### Required work
Your answer must be the line containing "Thanks for watching" and each following line to the end of the listing below, copied exactly, with pictures removed and nothing added.

### Recorded data
*** Block opens ***
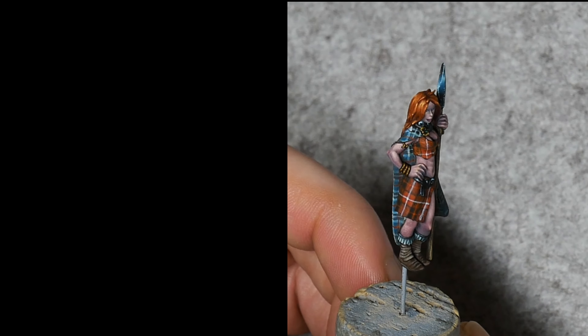Alright troops, if you're interested in trying some of my other tartan designs, click one of the videos on screen now. Thank you very much for watching, and as always, don't forget to choose life, paint minis.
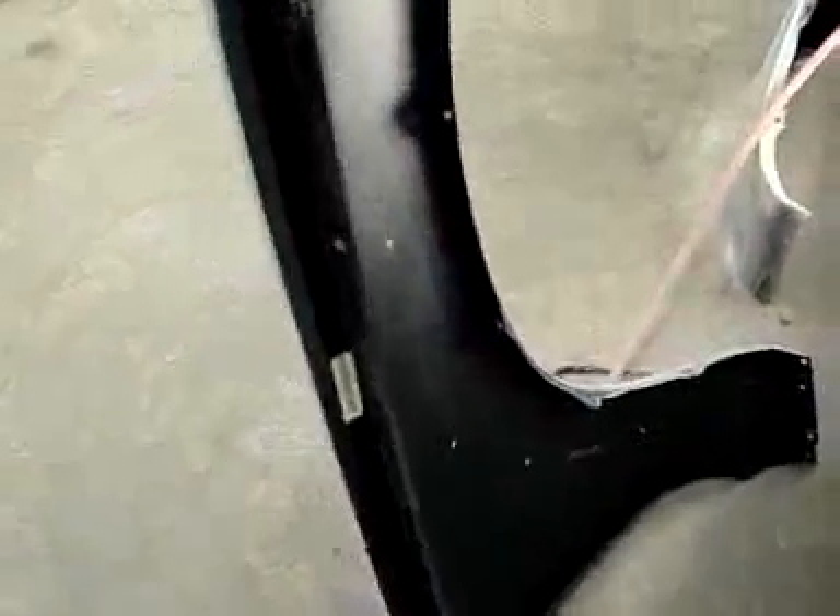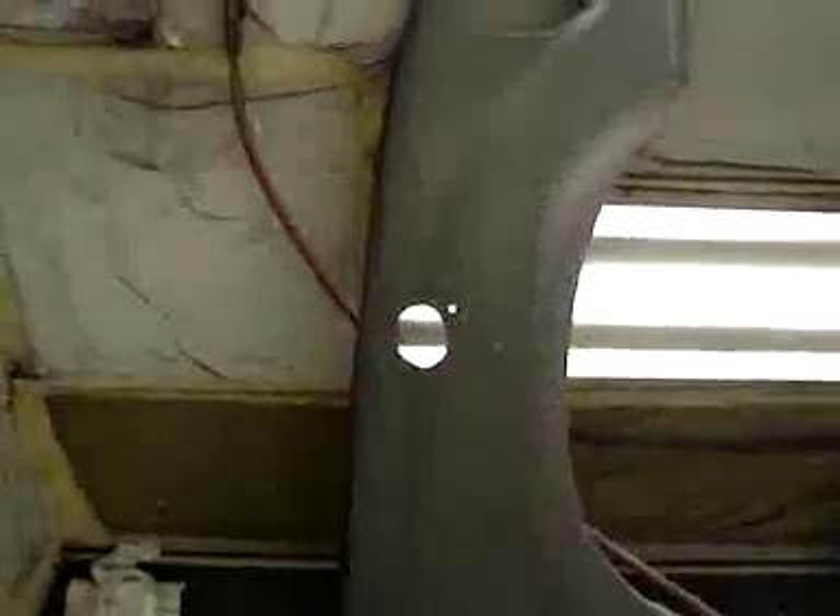It will help these fenders last a good long time, mainly because they've been undercoated and painted and sealed, and they weren't a rust issue before, so in the future they should not be a rust issue. You can see the snorkel cut out and the holes for that right there on that particular fender. So the fenders are done here.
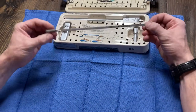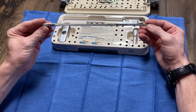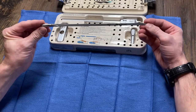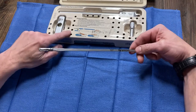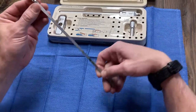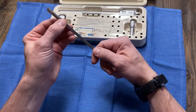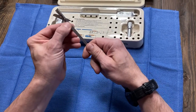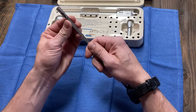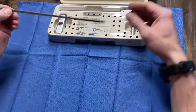This blade here is what comes sterile packed. This is the expandable reamer blade from Wright Medical. This goes inside the X-Ream T-Handle. These little blades here are sharp and they will cut you, and they're expanding like this — little windmill blades that come out. So those need to stay closed until you're using it.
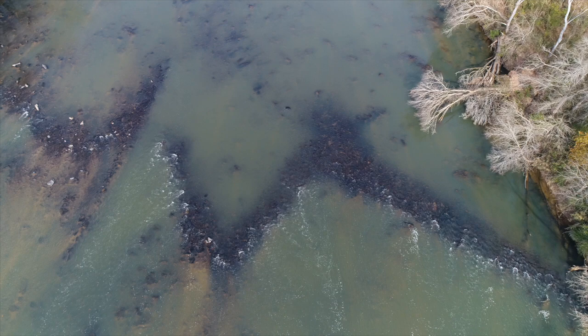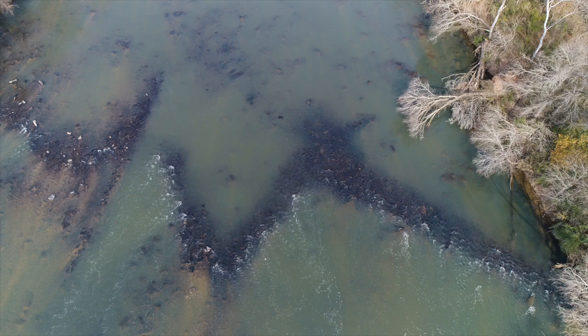Hello everyone, this is John with Laird's Digital Loop. This clip was filmed entirely using the DJI Phantom 4, of which we are an affiliate.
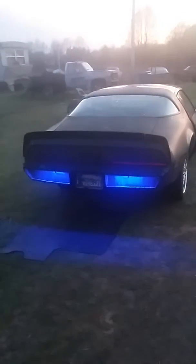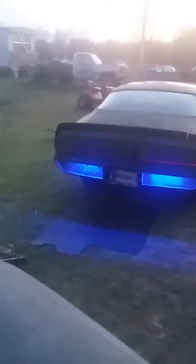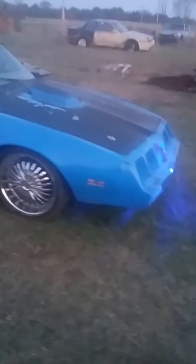This is the back of it, and that's how they look on there. And I'm gonna show you the lights on the front.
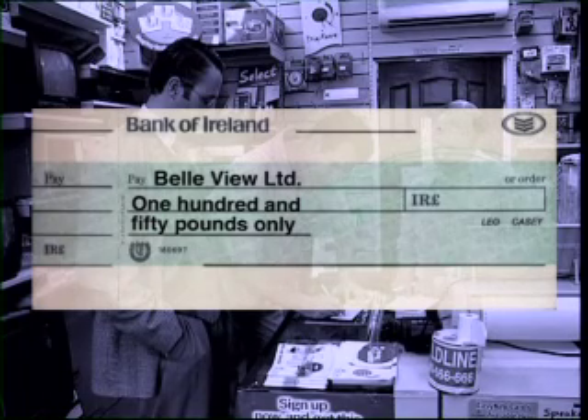Then, to make sure once more that it's very clear how much this cheque is for, Leo must write the amount in numbers. He writes it in the box next to the pound sign.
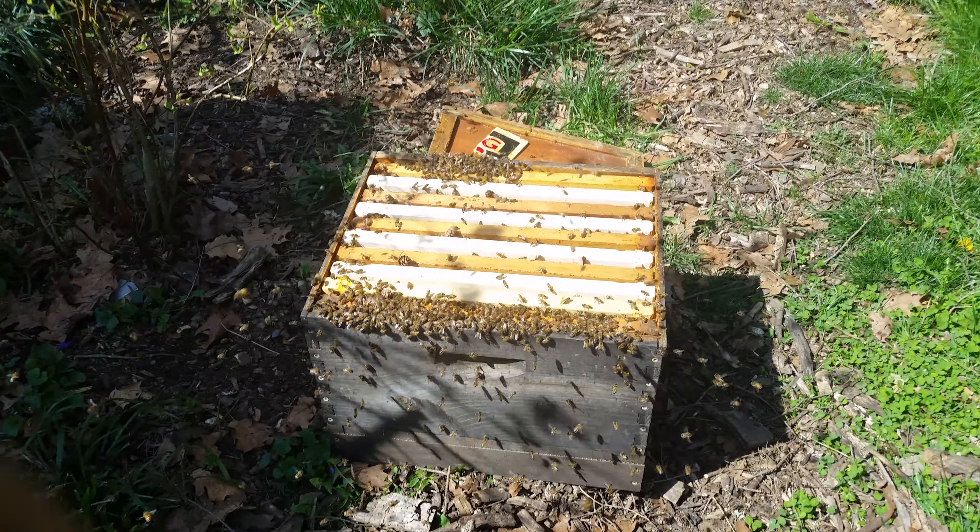So here's today's swarm, not too far off the ground — probably about 20 feet, maybe not quite, but about 20 feet.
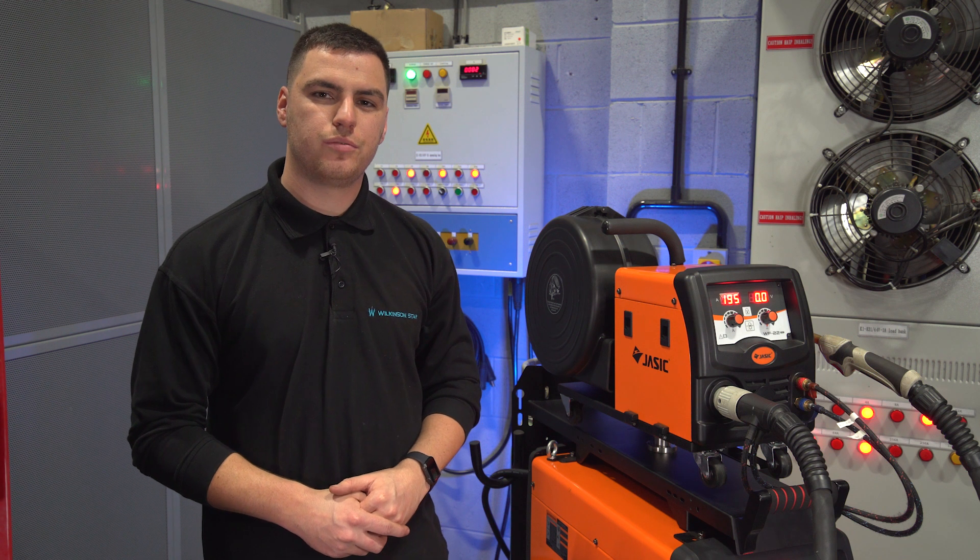Thanks for watching this video, I hope you found it useful. For any more information please visit the jassic.co.uk website.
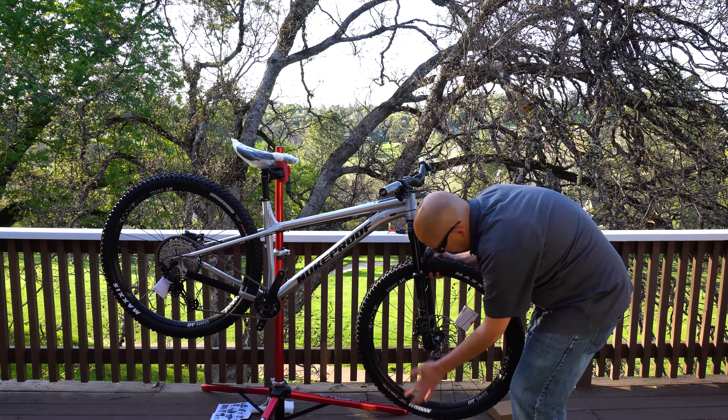And there you have it — it is the brand new 2021 Nukeproof Scout 290, the pro version. If you follow our channel, I have ridden the Nukeproof Mega 290, and that was one of my favorite bikes that we have reviewed, so I'm very excited to try out the Scout.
*** Block closes ***
### Written solution
Thanks for watching this video, I hope you found it useful. For any more information please visit the jassic.co.uk website.
And there you have it — it is the brand new 2021 Nukeproof Scout 290, the pro version. If you follow our channel, I have ridden the Nukeproof Mega 290, and that was one of my favorite bikes that we have reviewed, so I'm very excited to try out the Scout.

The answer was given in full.